Jeff Monson au Cercle du Dragon (Renens, Suisse), lors d’un stage de MMA (arts martiaux mixtes) organisé par Marcos Drake © Laurent Courau
Le beatnik des rings
Aéroport international de Genève, le jeudi 30 août 2012. Beaucoup de mouvement et de tumulte au niveau A du terminal T1, les retours de vacances battent leur plein. Crâne rasé, oreilles en chou-fleur, tatouages et muscles saillants, une silhouette impressionnante apparaît dans l’encadrement de la porte des douanes, traverse la cohue des estivants et leurs chariots débordants de bagages, pour se diriger droit sur nous. Fidèle à sa légende de beatnik des rings, Jeff Monson débarque en Suisse, équipé d’un sac minuscule, d’un t-shirt aux armes de l’équipe russe de lutte olympique, d’un short de surfeur et d’une paire de tongs. Une forme de dénuement ascétique que ce champion d’arts martiaux mixtes semble observer en toute saison, été comme hiver, et quelles que soient les conditions climatiques de sa destination ; comme un écho de son militantisme anarcho-syndicaliste, une prise de position politique rare dans le milieu du free fight américain, dont l’élite attire désormais les contrats de sponsoring des plus grands équipementiers sportifs.

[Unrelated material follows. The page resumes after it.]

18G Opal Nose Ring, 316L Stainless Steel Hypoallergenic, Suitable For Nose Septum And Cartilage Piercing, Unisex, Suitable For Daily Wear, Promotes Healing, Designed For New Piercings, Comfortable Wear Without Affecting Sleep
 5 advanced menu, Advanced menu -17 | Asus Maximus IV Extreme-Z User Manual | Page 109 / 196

Jusqu’à Nike, qui s’intéresse à ces athlètes qui boxent, qui luttent, qui se projettent et se soumettent. Car, loin de la marginalité violente de ses premiers pas au début des années 90, cette révolution des arts martiaux et des sports de combat est entrée de plein pied dans le « rêve américain » et génère des centaines de millions de dollars de chiffres d’affaire. Son organisation reine, l’Ultimate Fighting Championship qui a fêté son vingtième anniversaire au mois de novembre 2013, rivalise à elle seule de notoriété avec les plus grands événement sportifs. Et bénéficie actuellement d’un contrat avec Fox Network lui permettant de toucher jusqu’à 99 millions de foyers américains ; une manne financière en droits de retransmission pour la société Zuffa, LLC. qui possède et exploite la marque, avec à sa tête le charismatique Dana White et ses deux associés de l’ombre, les frères Lorenzo et Frank Fertitta III, entrepreneurs d’origine sicilienne bien connus dans l’industrie du jeu et des casinos de Las Vegas.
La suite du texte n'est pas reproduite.